Samain and the Moon of Thanksgiving

Friday gratefuls: Sleep. Cribbage. Kate, always Kate. Rigel, who kept me warm last night. Kep, just because. Nordic Advent calendar by Jacquie Lawson. Advent. The days of our lives. Covid. 46 days. Ruth. Gabe. Jon. Jon’s birthday on the 10th. 52. Hanukkah begins the same day. Santa Claus. Yule logs. Christmas trees. Lights. Ornaments. Holly and ivy. Christmas music. Corny and classical. This wonder-full time.

 

Bloomberg. The magazine. Peak Oil is Suddenly Upon Us. Yet another reason Covid is a blessing. If climate change matters to you, this article is a bit of good news. It features the conclusion that peak oil is behind us by British Petroleum, BP. May it be so. And may we push it along.

Feeling glum has passed. Still ready for that holiday spirit though. That pagan holiday spirit. After all: Evergreen tree, lights, drinking and feasting and gifting, mistletoe, holly and ivy, being with family and friends. None of that in the New Testament. Well, ok. Gifts. The three wise guys. Otherwise it’s Saturnalia and Northern European traditions. Gotta get those decorations.

Cribbage. Playing more of it now. Something Kate and I enjoy. Will try rummikub, too. Just got two two player games: The Twilight Struggle and the Duel. Two more in the mail. Expecting a good while still until the all clear, go breathe on your neighbors without killing them. Keep changing things up a bit.

Kakun thoughts. In conversation with Kate. Trust first. Two leggeds all equal. Life precious. Stay at it. Learn. Serve. Protect. Educate. Create. Work as part of nature, not on it or in spite of it. See. See. Hear. Hear. Clunky so far, but maybe it’ll get smoothed out. I do have a family crest, somewhere. Not sure if it has a motto or not. I’ll try to track it down.

No election fraud. Ballots cast included President and down ballot races. Republicans did ok on down ballot, but the Presidential race is suspect? Come on, guys and gals. Geez.

Minding the Gap

Fall and the RBG Moon

Saturday gratefuls: Two ayes for two eyes. Clearer, some fuzziness. Supposed to go away. Easy to read computer screen. No pain. Tony’s. The clerks at Tony’s. Kate’s wrist improving. This mythic sky. Fall. Courage. Sadness. Springtime for inner work. The days and nights of the year’s last half. The harvest. The rut.

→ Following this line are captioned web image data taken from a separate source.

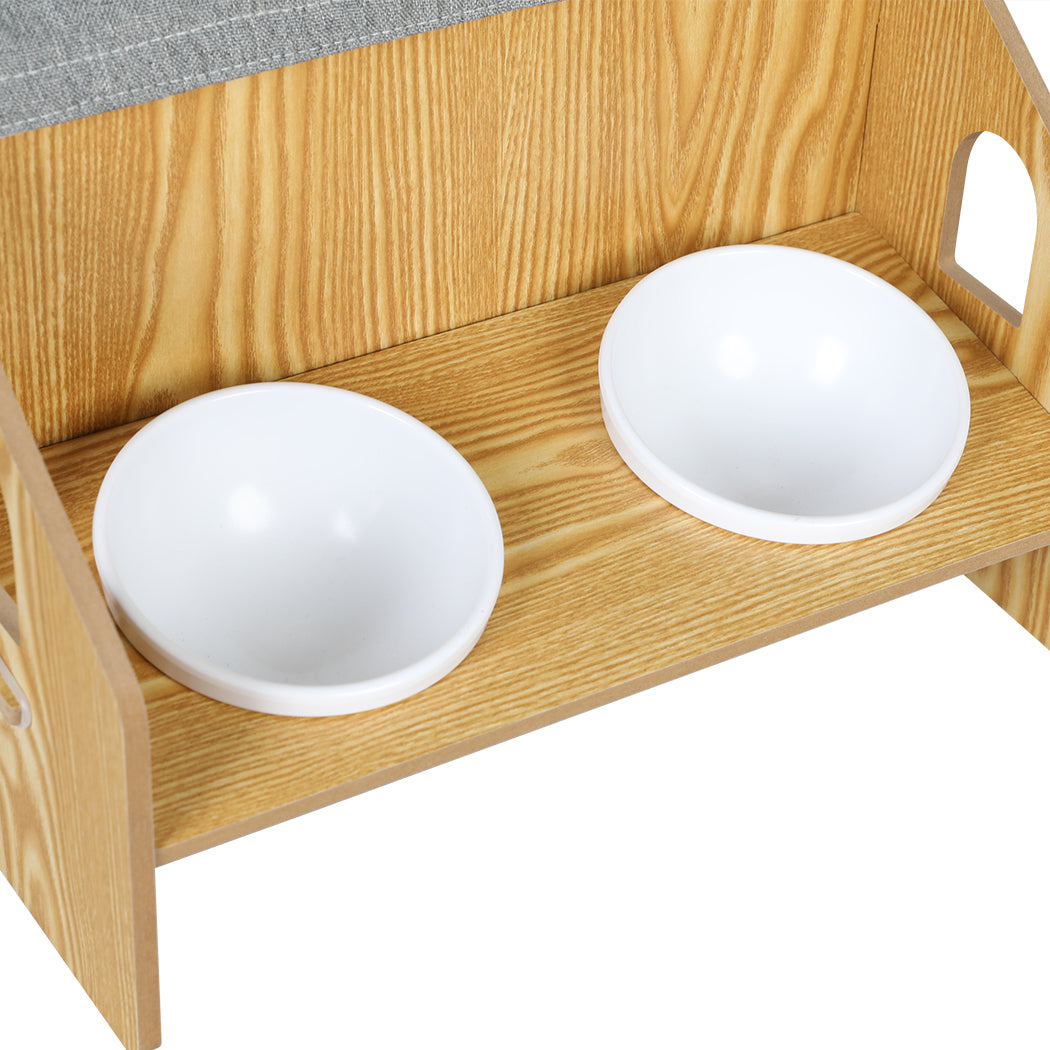 PaWz Wooden Pet House Cat Kennel Elevated Double Feeder Raised Feeding Bowls Petsleisure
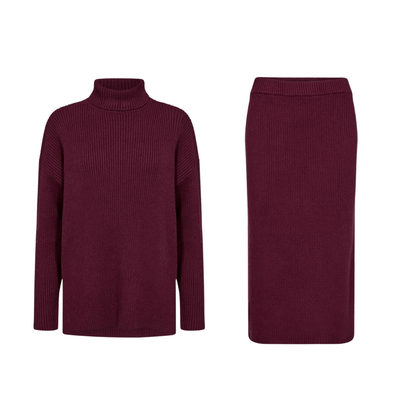 Plum Ribbed co-ord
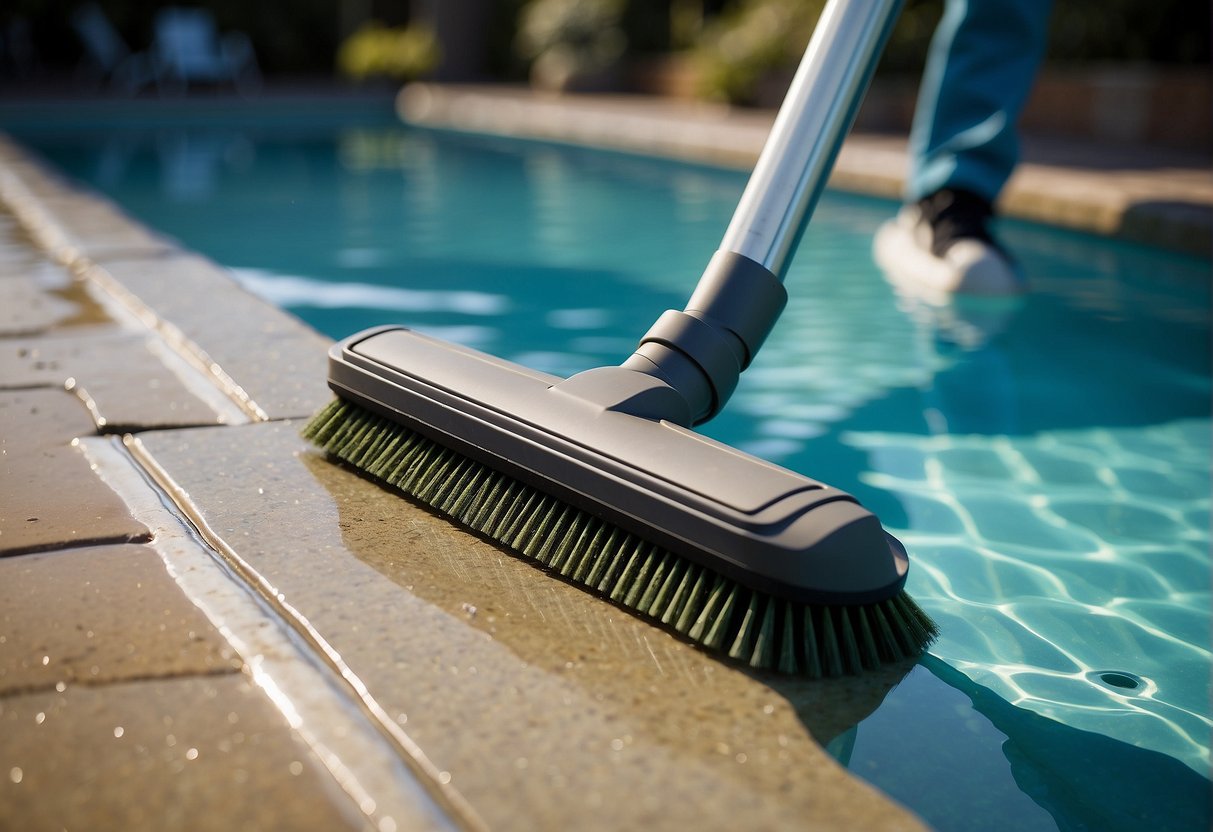 A pool vacuum and brush work together to clean the bottom and walls of a sparkling swimming pool, removing debris and algae for a pristine finish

Come into me, spirit of Fall. As I drove down Shadow Mountain yesterday, the golden glory of autumn Aspens against the evergreen Lodgepoles, all on soaring Mountain sides, this prayer came, unbidden. Soon my hand moved in a waving motion, like the sageing rituals of the Lakota, wafting the vision of Fall I could see into my heart, into my soul.

Judaism emphasizes kavanah in prayer. Intention. I wondered, what is the intention of this prayer? Why has it come to me?

Minding the gap. That’s the intention, I understood this suddenly, too. The gap between my self-understanding as a distinct and separate living being and the World outside my car window. It is a false understanding, made to appear real by the mind we carry and the body that is its vehicle. I am part of the Fall, part of its courage and sadness. Part of its springtime for Soul work.

The Great Wheel turns. We live through its Seasons. Its Seasons live through us. Invite the Season into your body, into your Soul. Live within it, not as an observer only.

Then. The Mountains. What do they mean? Strong. Hard. Tall. Shansin make me strong, hard, and tall like Black Mountain, like Shadow Mountain, like Conifer Mountain. Raise the mountain in me, let it support and define me.

Then. The Aspens. Make me aware of the living links I have with friends and family. Like the Aspen Grove. Interleaved. Sharing nutrients and knowledge and warnings. Then, no, not like the Aspen Grove, as the Aspen Grove. Help me feel the rootlets of these Aspen, these Lodgepole supporting me, feeding me, making me aware of what’s coming.

Why these prayers, these meditations, came to me, I can’t say. They were powerful and sank into me, radiated back out of me. I was one with the Fall. One with the Mountains. One with the Aspen Groves.

The Great Wheel has within it the learnings we need. And, apparently, will grace us with them when we need them. Blessed be.

Springtime of the Soul

Fall and the RBG Moon

Wednesday gratefuls: Thoracentesis. Valet who got our car from a distant garage. The imaging employee who found an unused machine for Kate’s catscan. Phase two of the three stage plan done. Remembering to take out the blue foam. Clear vision. Michaelmas yesterday. Cool morning.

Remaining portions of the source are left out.